Blatter, dem nicht nur nachgesagt wird, dass er ein ausgezeichneter Taktiker ist, sondern auch einen sehr guten Instinkt für Situationen hat, wurde diesmal von seinem Bauchgefühl im Stich gelassen. Noch am Freitag nach der Wahl glaubte er, die heikle Krisenwelle umschifft zu haben. Weit gefehlt. Er, der Unantastbare, gegen den sich die Schweizer Behörden nur zögerlich zu ermitteln trauten, hat nun im FBI, in der US-Steuerbehörde und der US- Justizministerin Loretta Lynch seine strategischen Meister gefunden.

Mit deren ausgetüftelten Attacken hatte er nie und nimmer gerechnet. Schließlich – so schätzte er ja bisher den Beliebtheitsgrad seiner Amts-Person richtig ein – sei er bei allen Regierungen und Herrscherhäusern weltweit ein immer gerngesehener Gast. Und deshalb könne ihm dann auch nichts Böses von Fahndungs-, Ermittlungs- oder Steuerbehörden widerfahren. Das war nun eine eklatante Fehleinschätzung. US-amerikanische Medien u.a. der Fernsehsender ABC News melden, das FBI ermittle nun auch gegen Blatter.

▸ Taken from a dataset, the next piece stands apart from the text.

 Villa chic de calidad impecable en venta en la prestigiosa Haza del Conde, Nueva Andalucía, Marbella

So tritt der eiserne Joseph für seine Verhältnisse völlig unglamourös, nun nach 40 Jahren von der Fußball-Bühne ab, den Brettern, die für ihn nicht nur seine ganze Welt, sondern auch sein Leben waren. Ein dankbares Bravo für diese überraschende aber längst überfällige Abgangsszene. Ohne da capo bitte!! (Wir erinnern uns: Blatter wollte auch nicht noch mal zur Wahl antreten).

Integerer Kandidat

Nun sind die Nachwuchsdarsteller gefragt. Die bisher nur immer laut tönende UEFA mit ihren Protagonisten kann jetzt beweisen, dass sie es mit einer neuen sauberen FIFA ernst meint. Das fängt dann schon mit der Suche nach einem integren Kandidaten an. Und hätte dann schon mal zur Folge, dass einer wie Michel Platini als Blatter-Nachfolger nicht in Frage kommt – auch er ist belastet.

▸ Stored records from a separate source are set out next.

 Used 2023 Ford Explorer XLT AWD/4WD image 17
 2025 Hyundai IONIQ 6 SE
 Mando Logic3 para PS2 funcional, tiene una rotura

Und DFB-Präsident Wolfgang Niersbach sollte sich endlich über seine Rolle im großen FIFA-Clan klar werden. Bisher gehörte er zu den Maulhelden, die Drohszenarien aufbauten, und knickte dann ganz schnell ein, wenn er Farbe bekennen musste. Opportunisten können nicht für eine neue FIFA stehen. Das gilt für viele andere Vertreter auch. Nur die Funktionäre von der Insel blieben offensichtlich ihrer Linie im Kampf gegen Korruption treu und verzichteten auf FIFA-Posten.

Wie eine Spinne

Vielleicht wären die Männer und Frauen aus dem Mutterland des Fußballs dann auch die richtigen, den verschimmelten und bis in die Wurzeln verfilzten FIFA-Rasen aufzurollen, und zu gucken, was da alles drunter liegt. Oder man holt Außenstehende, die mit den bestehenden Strukturen und dem dadurch möglichen System aufräumen, das wie eine Spinne ein Netz von Abhängigkeiten, Vetternwirtschaft und Machtkonzentration geknüpft hat. Aufräumen, das gilt übrigens auch für die nationalen und kontinentalen Verbände, die nicht nur mit dem Finger auf Blatter und seine FIFA zeigen sollen, sondern auch Asche auf ihr Haupt streuen müssen.

Übrigens: Blatter bleibt bis zum außerordentlichen Kongress und der Neuwahl , die es zwischen Dezember und März geben soll, Präsident. Bis dahin wird an seiner Seite Domenico Scala, Chef der  Audit-Kommission, die Geschäfte offiziell weiterführen. Auch der Italiener Scala gilt als Blatter-Mann. Man braucht nicht zu glauben, dass der Noch-Präsident  bis zum Wahltag Däumchen dreht. Er wird seine Phalanx in Stellung bringen. Fast ein halbes Jahrhundert Netzwerken – da ist man auch nach dem Rücktritt noch mitten drin als Strippenzieher.